Pensar en esos años es asistir a un desfile olímpico de recuerdos tan pintoresco y bonito como el que realizábamos cada 6 de septiembre por las calles de Quibdó, bajo la resolana de la media mañana y el sol abrumador del mediodía, vestidos todos con la camiseta conmemorativa recién desempacada y oliendo a nueva, que cada año había que comprar para participar en este desfile y cuya entrega cada año, sin falta, se convertía en un tropel desordenado de tallas equivocadas, pagos que no aparecían en las listas y hasta entregas duplicadas.

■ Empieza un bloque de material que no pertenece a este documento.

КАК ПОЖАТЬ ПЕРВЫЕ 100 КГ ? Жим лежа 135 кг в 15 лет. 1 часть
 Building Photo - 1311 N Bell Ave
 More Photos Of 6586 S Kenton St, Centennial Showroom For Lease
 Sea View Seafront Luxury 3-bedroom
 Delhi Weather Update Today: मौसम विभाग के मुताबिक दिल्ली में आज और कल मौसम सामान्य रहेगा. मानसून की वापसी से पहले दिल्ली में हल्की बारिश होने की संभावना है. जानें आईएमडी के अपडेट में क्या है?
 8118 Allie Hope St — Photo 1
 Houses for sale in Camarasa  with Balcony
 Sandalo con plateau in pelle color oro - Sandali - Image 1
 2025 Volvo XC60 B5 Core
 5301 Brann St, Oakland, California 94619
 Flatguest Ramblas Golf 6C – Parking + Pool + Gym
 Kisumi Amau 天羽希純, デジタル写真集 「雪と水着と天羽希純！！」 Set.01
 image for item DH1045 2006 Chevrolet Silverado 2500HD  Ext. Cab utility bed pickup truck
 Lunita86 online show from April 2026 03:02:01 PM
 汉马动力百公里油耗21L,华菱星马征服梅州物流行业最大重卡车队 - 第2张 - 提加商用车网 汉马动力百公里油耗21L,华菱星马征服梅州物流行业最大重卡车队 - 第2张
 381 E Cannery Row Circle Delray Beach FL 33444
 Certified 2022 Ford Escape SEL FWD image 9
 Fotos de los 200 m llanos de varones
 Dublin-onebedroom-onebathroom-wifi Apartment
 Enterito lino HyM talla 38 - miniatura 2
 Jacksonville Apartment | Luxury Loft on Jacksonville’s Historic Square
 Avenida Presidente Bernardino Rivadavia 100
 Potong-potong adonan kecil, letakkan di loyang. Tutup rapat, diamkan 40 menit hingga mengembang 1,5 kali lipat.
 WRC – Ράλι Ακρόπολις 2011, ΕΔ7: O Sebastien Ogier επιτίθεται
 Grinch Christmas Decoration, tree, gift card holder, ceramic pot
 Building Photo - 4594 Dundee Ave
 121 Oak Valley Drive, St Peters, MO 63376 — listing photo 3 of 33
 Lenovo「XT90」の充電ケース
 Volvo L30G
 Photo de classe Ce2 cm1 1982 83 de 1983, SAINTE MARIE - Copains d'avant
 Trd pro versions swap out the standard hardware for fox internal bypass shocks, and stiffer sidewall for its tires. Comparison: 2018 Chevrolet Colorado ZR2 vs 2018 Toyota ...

Esa camiseta y el pastel de arroz chocoano que nos daban después del desfile eran, quién lo niega, dos motivos fundamentales de nuestra alegría en las fiestas normalistas, que empezaban el 3 de septiembre y terminaban el 7, e incluían también un desfile de antorchas, en la noche del 5 de septiembre, con las teas que nosotros mismos hacíamos con tarros vacíos de leche en polvo (Klim o Nido) fijados con uno o dos clavos o puntillas y amarrados con alambre dulce a un palo de escoba o a una vareta de madera ordinaria recogida de los escombros de alguna carpintería; cuya mecha mojada en querosín estaba hecha de costal de fique o de estopa de hilo o de retazos de tela. Una charla en el patio central del colegio, casi siempre a cargo del Profesor Carlos Mayo, nos recordaba cada año los principales hitos de la Normal, su importancia histórica para el Chocó y sus aportes al magisterio colombiano,
Al pensar en esos años sobreviene un caudal de recuerdos tan fluido como el río Cabí, que entonces formaba parte de nuestro patio escolar, de nuestros recreos a media mañana y media tarde, de nuestras clases de Educación Física. Un caudal de recuerdos tan abundante, variado e inmenso como el monte espeso que comenzaba en las ventanas de nuestros salones de clase y se prolongaba a lo largo y ancho de los contornos de aquellos edificios amplios y bonitos que eran la Anexa y la Normal, allí donde aprendimos a leer y a escribir, y a enseñar a leer y a escribir. Pensar en esos años es traer a la mente a nuestras maestras y nuestros maestros, aquellas seños y esos profes de quienes aprendimos los rudimentos de ciencias, artes y lenguas que nos han acompañado a lo largo de los años, al igual que los principios básicos de responsabilidad, disciplina, respeto y cumplimiento en cuestiones académicas, éticas y relacionales.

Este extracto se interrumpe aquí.